* TASK OBJECTIVE: Look below for the line that contains "Sticky Wound Kit", then copy it and each following line exactly, through and including the line that contains "Right axis deviation can".

Short web captions
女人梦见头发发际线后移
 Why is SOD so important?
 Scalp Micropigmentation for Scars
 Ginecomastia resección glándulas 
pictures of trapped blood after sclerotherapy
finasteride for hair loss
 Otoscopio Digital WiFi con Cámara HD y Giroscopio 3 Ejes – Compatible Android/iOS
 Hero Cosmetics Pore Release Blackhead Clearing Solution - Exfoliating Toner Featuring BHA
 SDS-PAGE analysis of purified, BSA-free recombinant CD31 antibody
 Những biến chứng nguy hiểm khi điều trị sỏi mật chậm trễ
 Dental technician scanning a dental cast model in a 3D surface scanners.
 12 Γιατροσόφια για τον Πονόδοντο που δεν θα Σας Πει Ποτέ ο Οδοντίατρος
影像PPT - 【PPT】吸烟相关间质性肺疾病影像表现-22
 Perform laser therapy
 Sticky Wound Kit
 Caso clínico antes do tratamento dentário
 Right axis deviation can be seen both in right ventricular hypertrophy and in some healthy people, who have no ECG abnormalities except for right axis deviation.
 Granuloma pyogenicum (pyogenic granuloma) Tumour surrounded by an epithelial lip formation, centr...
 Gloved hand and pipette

* COMPLETED TASK:
 Sticky Wound Kit
 Caso clínico antes do tratamento dentário
 Right axis deviation can be seen both in right ventricular hypertrophy and in some healthy people, who have no ECG abnormalities except for right axis deviation.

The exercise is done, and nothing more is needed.